British Army soldier

Albert Elliot "Smiler" Marshall (15 March 1897 – 16 May 2005) was a British veteran of the First World War and the last surviving British cavalryman to have seen battle on the Western Front.

Albert Elliott Marshall was born on 15 March 1897 in Elmstead Market, a village in the Tendring district of Essex, close to Great Bromley, Great Bentley, Wivenhoe and Colchester. He was the eldest of three children born to James William Marshall and Ellen Marshall, née Skeet. His mother died in 1901, aged 24, leaving James to raise the children on his own.

Marshall joined the Essex Yeomanry in 1915, at the age of seventeen, after lying about his age; he took part in the Battle of Loos in the same year. He was given the nickname "Smiler" during his basic training at Stanway, Essex, where he threw a snowball at someone during drill, stood there looking innocent, but the sergeant suspected him and addressed him "You, smiler!" and that name stuck.

Marshall served in the 1/1st Essex Yeomanry and later the 8th Battalion, Machine Gun Corps between 1915 and 1919 and saw action at the Battle of the Somme, Battle of Arras, the Third Battle of Ypres, the Germany Offensive of 1918 as well as the Advance to Victory and the Army of Occupation campaigns at the end of the war. Marshall recalled the horrors of the battlefield and his memories of seeing many of his comrades blown to bits by enemy shells or mown down in No Man's Land by a hail of bullets.

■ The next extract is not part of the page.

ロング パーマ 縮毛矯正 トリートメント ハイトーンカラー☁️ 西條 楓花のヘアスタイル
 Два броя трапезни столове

The Battle of the Somme, beginning on 1 July 1916, had no greater resonance for Smiler than all the other battles he had fought throughout the war. He had been sent to France in late 1915 and despite a number of periods of home leave had remained in or near the front line for the remainder of the war. He was present on the Somme for the first day of the offensive in which over 20,000 troops were killed in the first several hours, with 40,000 more injured, making the battle one of the heaviest death and wounded tolls of the war. Marshall had been kept well behind the lines during the opening day of the Somme campaign waiting for a breakthrough, however it did not come.

As a result of his unit being kept back during the Somme, Marshall was not credited with being the last veteran of the opening day; nonetheless, he remembered the trauma and horror of that campaign and the images on the battlefield remained with him. He later recalled picking up and sending home the letters found next to the body of a man killed near Mametz Wood.

In March 1917, Marshall suffered a blighty wound in the hand and was sent home. On his return he joined the Machine Gun Corps and fought at the Battle of Cambrai where he was captured as a Prisoner of War by the Germans. Smiler was released by his captors as they were short of rations and returned to the front.

When the war ended in 1918, Marshall volunteered for a tour of duty in Ireland and was stationed near Dublin. He was demobbed in 1921 and returned home to Tendring where he married Florence C. Day. The couple had five children.

In his later years, Marshall continued to live in a small house, which was attached to a larger house in which he had worked for the owner since the Second World War. He kept by his bedside a wooden cross taken from the rubble of Albert Basilica at the time of the Battle of Somme.

In the final decade of his life, Marshall was awarded the Légion d'honneur and appeared on numerous television shows as well as attending a veterans' party at Buckingham Palace. He also took part in three pilgrimages to the battlefields of the First World War, including one to mark the 80th anniversary of the Third Battle of Ypres.

Marshall died at the age of 108 on 16 May 2005 in Ashtead, Surrey. At the time of his death he was survived by one son; twelve grandchildren; twenty-four great-grandchildren and four great-great-grandchildren.

Marshall's legacy as one of the last surviving veterans of the First World War was that he was able to claim a number of records: the last man to wear the 1914–15 Star; the last man to serve on the Somme and perhaps, the most significant for a man who had served in the Essex Yeomanry, the last man to have served in the cavalry.